Al Corriere della Sera e all’inaugurazione dell’anno accademico dell’Università Bicocca ha dichiarato: “C’è una parte della sinistra milanese che fa un po’ del brontolio la sua cifra. Ma finché c’è Beppe Sala che fa da parafulmine dell’universo mondo, si va avanti. In politica la cosa più importante è vincere le elezioni, se non si vince poi succede quello che stiamo vedendo tutti i giorni. Nel Paese c’è un’occupazione da parte del centrodestra in tutti i ruoli… Stiamo attenti perché tre anni sono lunghi, bisogna trovare una formula per essere veramente coesi altrimenti è estremamente pericoloso”. Insomma: se mi attaccate fate vincere la destra. Vecchia minaccia che forse funziona dentro la Ztl o neppure più lì, ma certamente non fuori, perché i cittadini hanno semplicemente smesso di andare a votare (nel 2021, all’ultima elezione “trionfale” di Sala, quasi il 50 per cento di astenuti!).

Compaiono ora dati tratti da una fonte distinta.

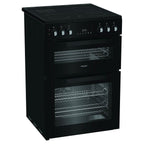 Hotpoint HDE6VDC2B1 60cm Freestanding Double Oven and Grill Electric Cooker with Ceramic Hob, Black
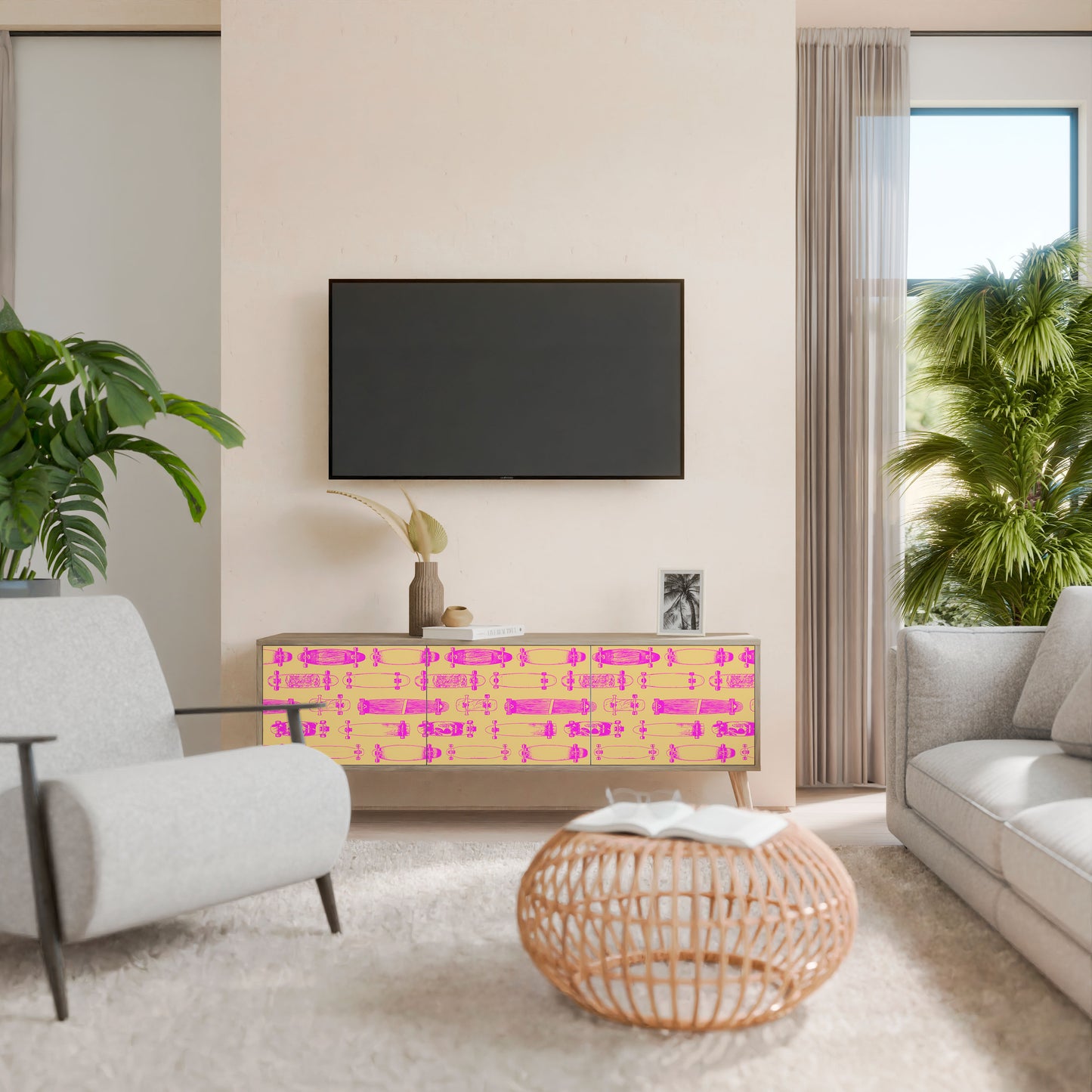 SKATEBOARD ARTISTRY 3-Door TV Cabinet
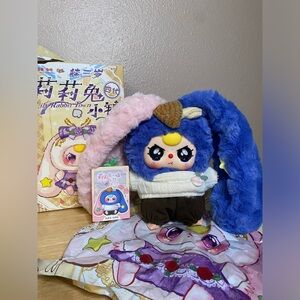 Baby Three Lily Rabbit Town Blue Mushroom Bunny with Rare Special Crying Eyes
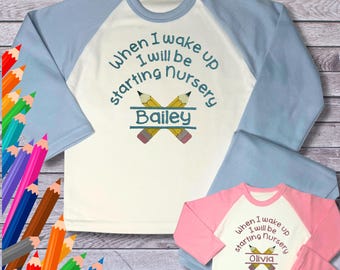 Personalied Embroidered Children's Pyjamas: Starting Nursery School Pencil Design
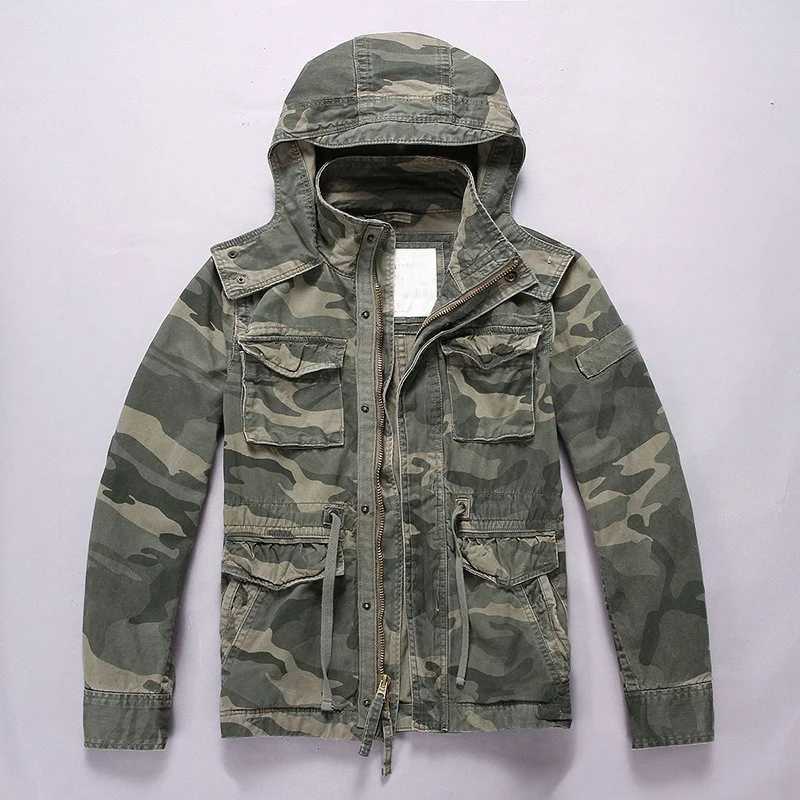 Outdoor Jacket Fashion Mens Heavy Washed Cotton Tooling Hooded Jacket Personality Leisure Cargo Jacket Stand Collar Multi-pocket Outdoor Coats M240919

Sala non è il “parafulmine”, ma l’albero sotto il quale è meglio non ripararsi durante un temporale. Se la prossima volta, nel 2027, le destre smetteranno di non partecipare alla gara (come hanno sostanzialmente fatto nel 2021, poiché i poteri della città erano già ben rappresentati da Sala), Milano diventerà contendibile. Il centrosinistra allora avrà due possibilità: far finta di niente, cercando un candidato in continuità con Sala che continui a rubare alle destre la visione sviluppista e feroce della città; oppure prendere atto che l’ubriacatura del Modello Milano è finita, che è ora di smetterla di coccolare gli immobiliaristi, i fondi, le banche, i cementificatori e di ricominciare a parlare ai cittadini, del centro e delle periferie, proponendo un riformismo vero, quello che costruiva case popolari e cercava di migliorare i servizi, non tagliarli; di attenuare le disuguaglianze, non accrescerle in nome della “attrattività”.